By KARL RITTER
FILE – In this Dec. 3, 2009 file photo smoke billows from chimneys of the cooling towers of a coal-fired power plant in Dadong, Shanxi province, China. The International Energy Agency says the world’s energy-related carbon dioxide emissions rose 1.4 percent in 2012 to a record high of 31.6 gigatons, even as the U.S. posted its lowest emissions since the mid-1990s. In a report released Monday June 10, 2013, the IEA says China saw the largest emissions growth last year, but the increase was among the lowest seen in a decade amid investments in renewable energy and energy efficiency. (AP Photo/Andy Wong, File)
STOCKHOLM (AP) — Scientists are more confident than ever that pumping carbon dioxide into the air by burning fossil fuels is warming the planet. The question is, by how much?
It’s something that officials and scientists meeting in Stockholm will try to pin down as precisely possible Friday in a seminal report on global warming.
Future global warming levels depend on two major factors. One is how much more carbon dioxide (CO2) and other greenhouse gases are pumped into the air and how quickly.

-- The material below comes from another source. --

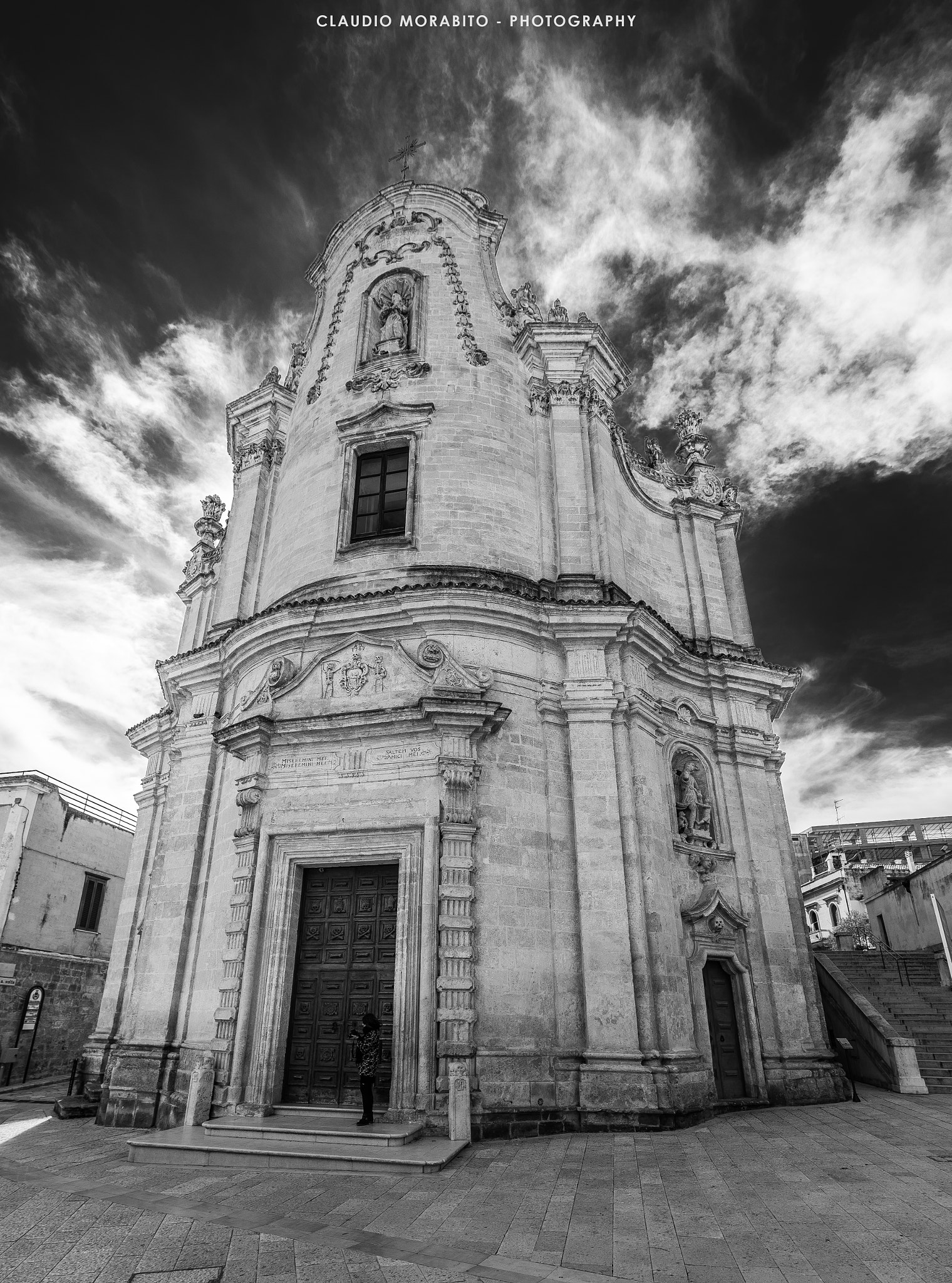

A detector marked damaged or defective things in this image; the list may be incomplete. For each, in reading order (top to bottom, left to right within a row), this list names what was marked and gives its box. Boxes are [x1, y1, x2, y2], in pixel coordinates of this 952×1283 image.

The other is the rate at which those gases cause warming, sort of like a revving car engine. With that rate, called “climate sensitivity,” scientists are trying to figure out how much warming would happen with different levels of carbon pollution. The higher the climate sensitivity or rate, the higher the warming per ton of greenhouse gas emitted.
The values adopted by the Intergovernmental Panel on Climate Change are important because they could affect how hard governments try to rein in CO2 emissions — which are still going up largely due to the rapid expansion of China and other emerging economies.
A lower value may reduce the world’s sense of urgency in making a costly energy transformation from oil, coal and gas to renewable sources like solar or wind power — or in halting the destruction of the Earth’s forests, which capture CO2.
“It’s a key part of the climate problem,” said Chris Field, a Carnegie Institution scientist who is a leader in the IPCC but wasn’t involved in the report due Friday.
The greenhouse effect, which explains how CO2 and other greenhouse gases trap heat in the atmosphere, was discovered in the 19th century but scientists are still struggling to quantify it.
The IPCC is expected to say Friday that it’s 95 percent certain that more than half the surface warming of the Earth that has been observed since 1951 is due to the CO2 emissions resulting from human activities.
Climate sensitivity is a measure of how much temperatures would go up if the concentration of CO2 doubled in the atmosphere.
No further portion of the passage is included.